Slash called himself a ‘compulsive’ smoker, smoking 60 cigarettes per day at one point.

“I was in Calabasas one time. It was one of the first times I’d ever actually been there. And there’s some sort of outdoor mall-y kind of thing with a theater — it was like a pavilion of something — and I got out of the car and I lit a cigarette and I was walking wherever we were walking to through the parking lot. And they said, ‘You can’t smoke in here.’ And I said, ‘We can smoke in here. We’re fucking out here. This is out here.’ And it was, like, there’s a rule — you can’t smoke on the street.

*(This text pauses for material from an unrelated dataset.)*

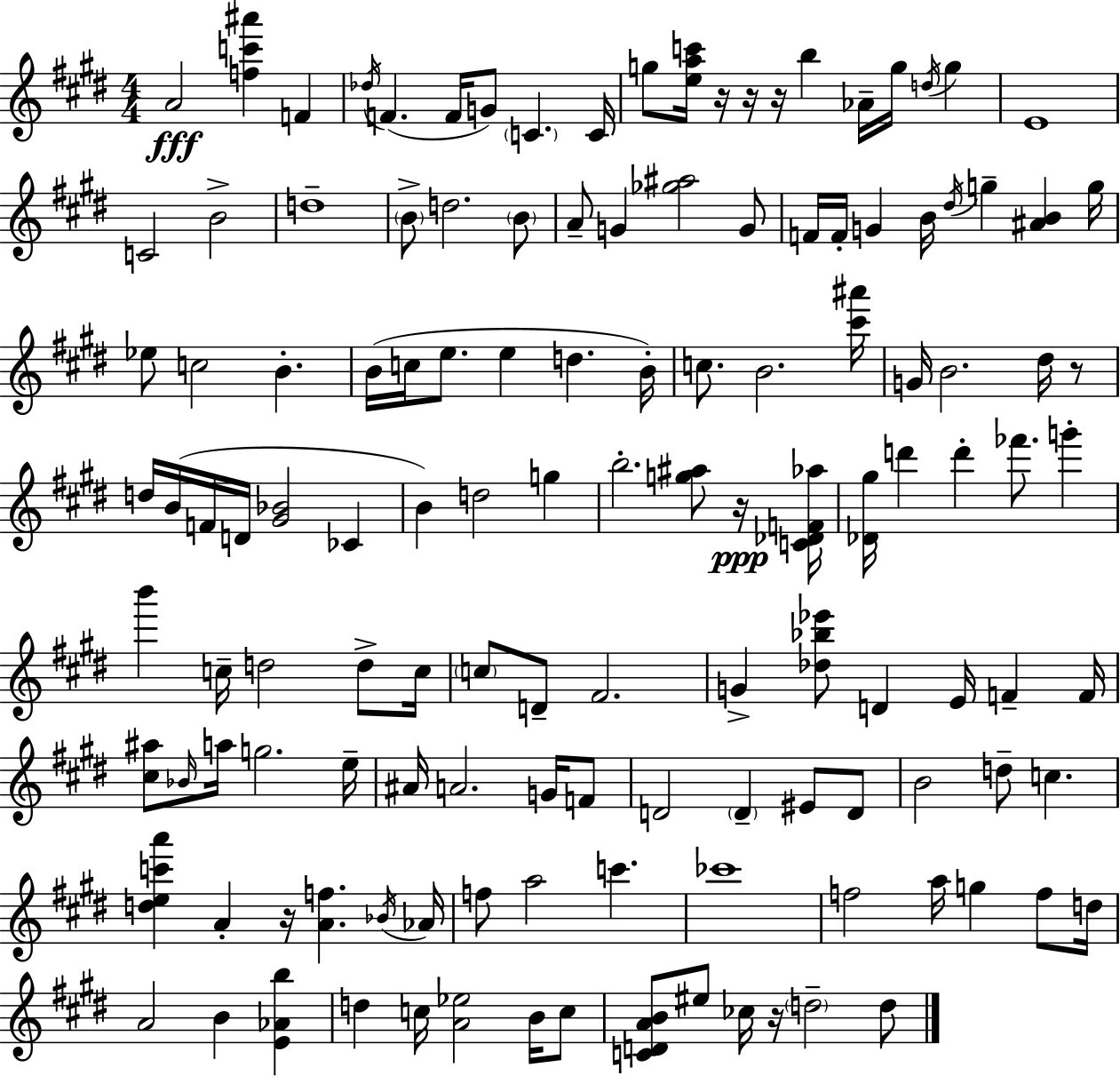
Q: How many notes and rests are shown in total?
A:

So enough of that kind of stuff [happened].”

Slash said that his cigarette habit affected his live performances, especially after a smoking ban was introduced in enclosed work places in the U.K. back in 2007.

“I was smoking at gigs, and I was on tour in the U.K., and they told me, ‘The smoking ban’s coming,'” he said. “I said, ‘You guys are gonna have some serious problems.’ It was in Ireland. [I said] ‘You know they’re gonna riot. It’s not gonna work.’ And so we finished the tour, and I came back maybe six months later, and they had passed this thing. And it was people sitting outside all smoking their cigarettes with their cocktails, and they were sitting on benches. And some hotels had put monitors outside so you could watch TV and smoke, and they just went down quietly. And it was, like, ‘Wow!’ No repercussions whatsoever — no violence, stoning or anything.”

“They were trying to fine me for every cigarette I smoked on stage. So it was, like, a hundred quid for every cigarette. So we had to make up a bunch of stories, and we got out of it. But I couldn’t believe it had gotten to that point.”